Order of attachments #822

vsenko · 2024-03-05T13:47:54Z

It looks like v0.7.0 sorts the attachments alphanumerically by file name (ID), but as long as technically attached files are ordered in PDF, it confuses. For example in PDF text attached files could be referenced not only by name, but also by their order.

Code to reproduce:

package main

import (
	"bytes"
	"fmt"
	"strings"

	pdfcpuapi "github.com/pdfcpu/pdfcpu/pkg/api"
	"github.com/pdfcpu/pdfcpu/pkg/pdfcpu"
	pdfcpucreate "github.com/pdfcpu/pdfcpu/pkg/pdfcpu/create"
	pdfcpumodel "github.com/pdfcpu/pdfcpu/pkg/pdfcpu/model"
	pdfcputypes "github.com/pdfcpu/pdfcpu/pkg/pdfcpu/types"
)

func main() {
	ctx, err := pdfcpu.CreateContextWithXRefTable(pdfcpumodel.NewDefaultConfiguration(), pdfcputypes.PaperSize["A4"])
	if err != nil {
		panic(err)
	}

	template := `{"pages": { "1": { "content": { "text": [{ "value": "page 1", "anchor": "left", "font": { "name": "Helvetica", "size": 12 } }] } } } }`
	err = pdfcpucreate.FromJSON(ctx, strings.NewReader(template))
	if err != nil {
		panic(err)
	}

	err = ctx.AddAttachment(pdfcpumodel.Attachment{Reader: strings.NewReader("a"), ID: "a", Desc: "a"}, false)
	if err != nil {
		panic(err)
	}

	err = ctx.AddAttachment(pdfcpumodel.Attachment{Reader: strings.NewReader("1"), ID: "1", Desc: "1"}, false)
	if err != nil {
		panic(err)
	}

	err = ctx.AddAttachment(pdfcpumodel.Attachment{Reader: strings.NewReader("z"), ID: "z", Desc: "z"}, false)
	if err != nil {
		panic(err)
	}

	err = ctx.AddAttachment(pdfcpumodel.Attachment{Reader: strings.NewReader("d"), ID: "d", Desc: "d"}, false)
	if err != nil {
		panic(err)
	}

	var b bytes.Buffer
	err = pdfcpuapi.WriteContext(ctx, &b)
	if err != nil {
		panic(err)
	}

	attachements, err := pdfcpuapi.ExtractAttachmentsRaw(bytes.NewReader(b.Bytes()), "", nil, nil)
	if err != nil {
		panic(err)
	}

	for _, a := range attachements {
		fmt.Println(a.ID)
	}
}

Expected output:

a
1
z
d

Actual output:

1
a
d
z

The text was updated successfully, but these errors were encountered:

hhrutter · 2024-03-06T09:35:48Z

That's because attachments are stored in a PDF EmbeddedFiles nametree.

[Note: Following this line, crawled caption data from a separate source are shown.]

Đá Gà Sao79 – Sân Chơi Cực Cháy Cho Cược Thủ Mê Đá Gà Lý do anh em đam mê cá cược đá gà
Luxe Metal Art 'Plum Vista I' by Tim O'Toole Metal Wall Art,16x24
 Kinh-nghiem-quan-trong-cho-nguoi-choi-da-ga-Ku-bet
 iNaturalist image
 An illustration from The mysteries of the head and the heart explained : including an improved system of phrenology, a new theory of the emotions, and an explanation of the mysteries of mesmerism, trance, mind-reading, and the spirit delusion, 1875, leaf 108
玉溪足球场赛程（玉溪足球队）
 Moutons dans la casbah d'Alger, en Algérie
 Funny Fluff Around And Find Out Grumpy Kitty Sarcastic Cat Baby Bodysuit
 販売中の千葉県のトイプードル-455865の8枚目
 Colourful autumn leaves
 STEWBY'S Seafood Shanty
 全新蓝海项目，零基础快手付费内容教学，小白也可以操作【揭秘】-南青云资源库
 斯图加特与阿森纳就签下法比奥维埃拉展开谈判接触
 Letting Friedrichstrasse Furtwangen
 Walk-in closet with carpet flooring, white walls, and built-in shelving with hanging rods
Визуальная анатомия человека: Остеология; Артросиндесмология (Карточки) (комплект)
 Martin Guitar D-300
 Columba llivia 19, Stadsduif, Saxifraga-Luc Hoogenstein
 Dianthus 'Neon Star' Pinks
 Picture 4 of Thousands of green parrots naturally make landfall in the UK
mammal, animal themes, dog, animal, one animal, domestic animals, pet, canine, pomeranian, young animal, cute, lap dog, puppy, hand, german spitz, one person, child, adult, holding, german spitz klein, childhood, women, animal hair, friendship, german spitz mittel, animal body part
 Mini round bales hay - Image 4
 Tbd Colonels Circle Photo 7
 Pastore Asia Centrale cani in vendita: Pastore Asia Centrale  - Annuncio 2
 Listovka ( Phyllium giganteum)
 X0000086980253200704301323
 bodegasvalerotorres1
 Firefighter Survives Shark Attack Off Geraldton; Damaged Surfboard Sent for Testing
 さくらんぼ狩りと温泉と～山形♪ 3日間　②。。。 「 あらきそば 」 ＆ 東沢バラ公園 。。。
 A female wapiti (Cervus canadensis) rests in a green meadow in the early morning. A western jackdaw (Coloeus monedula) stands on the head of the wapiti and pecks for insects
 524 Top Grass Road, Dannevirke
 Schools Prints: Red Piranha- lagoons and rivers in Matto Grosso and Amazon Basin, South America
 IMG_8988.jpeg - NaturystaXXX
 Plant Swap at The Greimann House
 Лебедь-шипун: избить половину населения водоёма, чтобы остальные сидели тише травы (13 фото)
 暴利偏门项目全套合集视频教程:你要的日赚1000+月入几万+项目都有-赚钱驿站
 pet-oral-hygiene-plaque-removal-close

vsenko · 2024-03-06T10:59:39Z

As far as I understand, elements of EmbeddedFiles have an order. Thus it would be convenient if the attached files would be places there in the same order as they've been added.

hhrutter · 2024-03-06T11:09:48Z

Nametree keys are sorted in lexical order.
I am not inclined to hacking the order into the key.

vsenko · 2024-03-06T14:04:48Z

After some research I now understand that Attachment.ID is not the file name, but the string that identifies the embedded file in EmbeddedFiles. What have been confusing me is that Attachment.FileName gets lost during attaching, here is the code to illustrate it:

package main

import (
	"bytes"
	"fmt"
	"os"
	"strings"

	pdfcpuapi "github.com/pdfcpu/pdfcpu/pkg/api"
	"github.com/pdfcpu/pdfcpu/pkg/pdfcpu"
	pdfcpucreate "github.com/pdfcpu/pdfcpu/pkg/pdfcpu/create"
	pdfcpumodel "github.com/pdfcpu/pdfcpu/pkg/pdfcpu/model"
	pdfcputypes "github.com/pdfcpu/pdfcpu/pkg/pdfcpu/types"
)

func main() {
	ctx, err := pdfcpu.CreateContextWithXRefTable(pdfcpumodel.NewDefaultConfiguration(), pdfcputypes.PaperSize["A4"])
	if err != nil {
		panic(err)
	}

	template := `{"pages": { "1": { "content": { "text": [{ "value": "page 1", "anchor": "left", "font": { "name": "Helvetica", "size": 12 } }] } } } }`
	err = pdfcpucreate.FromJSON(ctx, strings.NewReader(template))
	if err != nil {
		panic(err)
	}

	attachments := []pdfcpumodel.Attachment{
		{Reader: strings.NewReader("afile"), ID: "id1", FileName: "a.txt", Desc: "a-decs"},
		{Reader: strings.NewReader("1file"), ID: "id2", FileName: "1.txt", Desc: "1-decs"},
		{Reader: strings.NewReader("zfile"), ID: "id3", FileName: "z.txt", Desc: "z-decs"},
		{Reader: strings.NewReader("dfile"), ID: "id4", FileName: "d.txt", Desc: "d-decs"},
	}

	for _, a := range attachments {
		err = ctx.AddAttachment(a, false)
		if err != nil {
			panic(err)
		}
	}

	var b bytes.Buffer
	err = pdfcpuapi.WriteContext(ctx, &b)
	if err != nil {
		panic(err)
	}

	attachements, err := pdfcpuapi.ExtractAttachmentsRaw(bytes.NewReader(b.Bytes()), "", nil, nil)
	if err != nil {
		panic(err)
	}

	for _, a := range attachements {
		fmt.Println(a.ID, a.FileName, a.Desc)
	}
}

Expected output is:

id1 a.txt a-decs
id2 1.txt 1-decs
id3 z.txt z-decs
id4 d.txt d-decs

But the actual one is:

id1 id1 a-decs
id2 id2 1-decs
id3 id3 z-decs
id4 id4 d-decs

And actually if you analyze the constructed PDF, /F and /UF contain id1, not the file name. It happens here: https://github.com/pdfcpu/pdfcpu/blob/master/pkg/pdfcpu/model/attach.go#L122

return xRefTable.NewFileSpecDict(a.ID, a.ID, a.Desc, *sd)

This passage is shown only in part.